# Glenroyal Leisure Centre Maynooth



## highly (3 Aug 2011)

Hi All

I've just moved to the area and am thinking about joining the glenroyal - mainly for the pool use - am pregnant so won't be using the gym. 

I'd be taking my little boy swimming once or twice a week and then would probably use the adult only pool at least once a week myself.

They're currently doing a deal of €150 for 3 months which is fine for me as it works out per swim.

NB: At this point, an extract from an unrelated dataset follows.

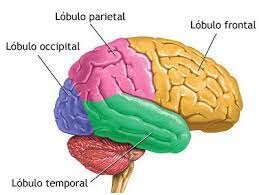 En los 60 surge la neuroeducacion.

However, has anyone any experience of the leisure centre? The staff seemed very nice and it looks good - but personal experiences would be great.

Thanks


----------



## BillK (3 Aug 2011)

Mrs K and I have used the Glenroyal leisure centre on many occasions and we think it's great.


----------



## shesells (3 Aug 2011)

€50 a month for 3 swims a week :O That sounds crazy to me in these times!


----------



## highly (3 Aug 2011)

I was paying 5.50 per swim in Dublin and it's the closest pool to me - otherwise it's going to eat into petrol costs! And far cheaper than Johnstown house in Enfield which is also close - now THAT is mad money!!


----------



## niceoneted (3 Aug 2011)

What were you getting in Johnstown house? I just got a month for €35. I think that is brill. I intend using it for about 4/5 days a week for the month.


----------



## john martin (4 Aug 2011)

We have been using Glen Royal for years and find it very good. Best to pay every 3 months rather than yearly as you might skip the occasional month for holidays or other reasons. The gym is good and you will probably use it in the future.


----------



## highly (4 Aug 2011)

niceoneted - how did you get €35 a month - i actually threw out the info but it was close to €70 in Johnstown House?? is that a 12 month deal?


----------



## BillK (4 Aug 2011)

niceoneted said:


> What were you getting in Johnstown house? I just got a month for €35. I think that is brill. I intend using it for about 4/5 days a week for the month.


 
Mrs K and I have stayed at the Johnstown House hotel (assuming that it's the Marriott) on several occasions on our trips to Ireland and were always able to get a deal.
Staying there of course gives free access to the spa and all facilities.
Very comfortable hotel.


----------



## niceoneted (4 Aug 2011)

Highly, I just paid for the one month. My membership lapsed earlier in the summer and I hadn't been well so waited until now to get it. 
I think the €35 might be off peak /corporate rate - if there are a lot from your company/club I think.


----------



## Thirsty (6 Aug 2011)

I had a dim memory that there was a swimming pool in Maynooth University so I googled it - and I was right! 

[broken link removed]


----------